→ EXERCISE DIRECTIONS
Leaving out the images, please reproduce each line below exactly.

→ DATASET SECTION

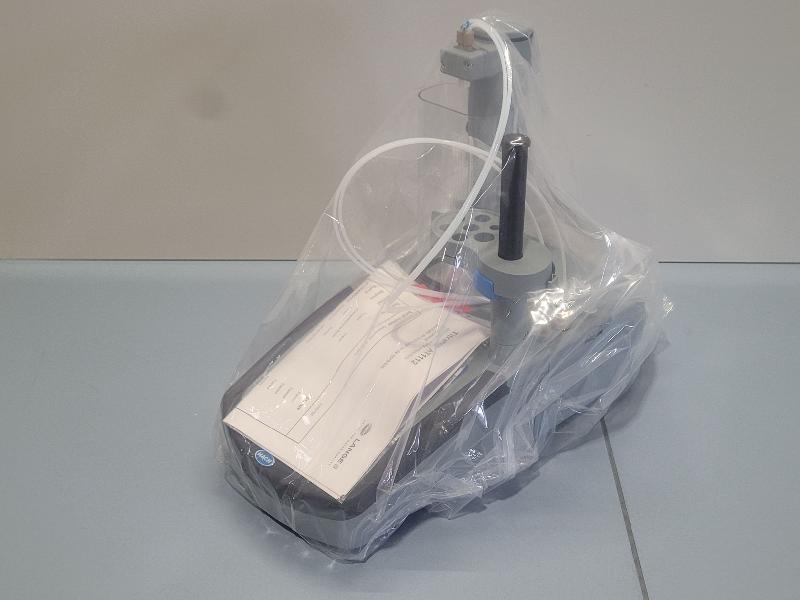 Titrateur potentiométrique HACH LANGE série AT1000 - modèle AT1112_2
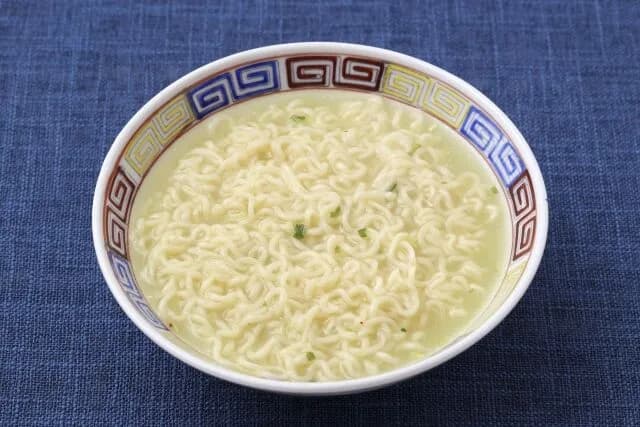 インスタントラーメンに入れる具材wwww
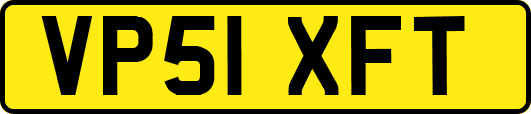 VP51XFT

→ REPLY
 Titrateur potentiométrique HACH LANGE série AT1000 - modèle AT1112_2
 インスタントラーメンに入れる具材wwww
 VP51XFT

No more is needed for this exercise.